The reality is that Chimp Haven has a veterinary and behavioral team comprised of individuals who are very experienced in their respective fields. Our team works with the chimpanzees to ensure hundreds of smooth introductions and have a more than 95% success rate that extends back to 2005, the first year chimpanzees arrived. Chimp Haven’s board of directors is also made up of experienced primatologists, veterinarians and members from both laboratory and animal protection organizations, providing greater assurance that we operate under the highest standards. We have met and exceeded the standards of both laboratory and sanctuary accrediting agencies and have an exemplary inspection report record that extends back to our inception.
A subsequent article coming from the research-advocacy blog, “Speaking of Research” focused on Chimp Haven’s newly formed collaboration with Lincoln Park Zoo’s Fisher Center for the Study and Conservation of Apes. The Fisher Center is well-known in the primatology community for their advocacy and practice of completely non-invasive research with apes with the goal of better understanding them and enriching their lives. The anonymous blog author questioned the partnership and wondered why a sanctuary would want to study questions such as the effect of human visitors during our six Chimpanzee Discovery Days, which are open to the public. Yet the answer is surprisingly clear to us. Given that Chimp Haven’s top priority is chimpanzee welfare, we want to take every avenue to ensure that our public programs are not in any way negatively affecting the chimps. Using science to clearly evaluate factors that may affect chimpanzee lives is what we have done since our inception and we have no intention of scaling back research that will ultimately benefit chimpanzee lives.
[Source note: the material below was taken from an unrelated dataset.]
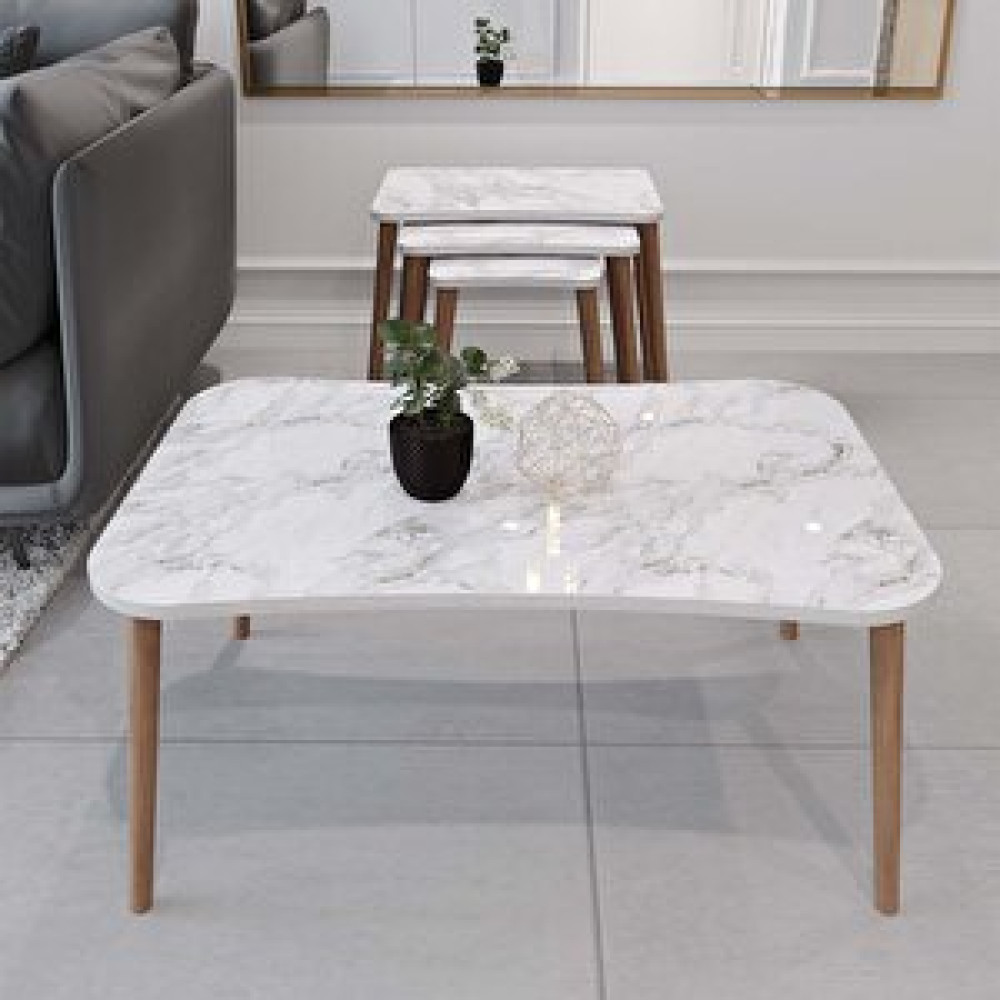 Enda Home Ahşap Ayaklı 4lü Zigon Sehpa Ve Orta Sehpa Seti Beyaz Mermer Desenli Beyaz Mermer Zigon Sehpa Fiyatı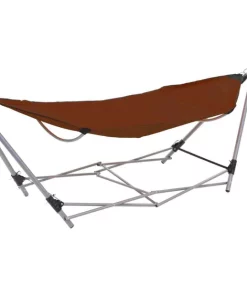 （Brown）Hammock with Foldable Stand Portable Camping Swing Chair Multi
Any non-invasive research that takes place at Chimp Haven undergoes rigorous review by our Sanctuary Chimpanzee Care Committee. Projects involving federally owned chimpanzees are also reviewed by NIH. It goes without saying that Chimp Haven does not participate in any research that would negatively affect the chimpanzees themselves but more and more, we are finding innovative means to allow chimpanzees to participate in dynamic and enriching tasks that benefit our understanding of the species as well as the chimpanzees themselves. Our collaboration with the Fisher Center will allow us to find ever increasing ways to do just that.
We don’t expect this to be the last volley of accusations from a vocal segment of lab-based individuals, but it is disappointing that the relationship between the lab and sanctuary communities has dissolved to the point where they feel the need to attack our operations. Nonetheless, we are resolute to continue our one and only mission: to provide the best possible lives for chimpanzees retired from research laboratories, regardless of their infectious status, research history or medical state. While we feel the best outcomes involve a cooperative paradigm in which NIH, the labs and the sanctuary work together to decide how retirement takes place, we will continue to strive for the best care for any chimpanzee sent to the sanctuary to live out their lives. Right now we have room for approximately 75 additional chimpanzees and look forward to welcoming more of these amazing individuals to the sanctuary soon…and to continuing in our role as leaders in the world of chimpanzee care.